NEW YORK, Oct 31 (Reuters) - Veteran bank analyst David Hendler, known for his criticism of companies he covers, has left CreditSights Inc, an independent bond research firm, and plans to work as a consultant on banking issues next year, he said in an interview on Thursday.
Neither Hendler, 52, nor a CreditSights executive would say why he left. An analyst for three decades, he led CreditSights' coverage of U.S. financial services companies, including JPMorgan Chase & Co, Bank of America Corp and Goldman Sachs Group Inc.
Pri de Silva, who worked with Hendler, is now senior U.S. bank and brokerage analyst, CreditSights President Peter Petas said in an email to Reuters.
Hendler joined CreditSights in May 2001 as its twelfth employee. He was among the first analysts to warn of increasing risk banks were taking with mortgage securities as home lending surged with the housing bubble.
His willingness to criticize the companies he covered stood in contrast to analysts who worked for major investment banks, who came under fire in the early part of last decade for not being independent enough of corporate clients.

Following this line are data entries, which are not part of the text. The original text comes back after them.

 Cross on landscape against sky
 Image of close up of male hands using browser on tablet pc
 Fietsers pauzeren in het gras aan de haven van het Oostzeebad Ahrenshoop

CreditSights has more than 120 employees and publishes some 300 research reports each month. Globally, 19 analysts work on financial services, making one of the largest teams on Wall Street.
Hendler said that as a consultant he will continue to analyze evidence of interest rate risk, which he sees as a major threat to bank profits and capital strength. The damage to an institution from sudden changes in interest rates would add to pressure from Washington on big banks to divide themselves into smaller companies, which would impact bank bondholders, he said.
Petas said that, unrelated to Hendler's departure, the firm is interviewing experts with experience in regulation and risk management because of the increasing importance of new government rules on financial institutions.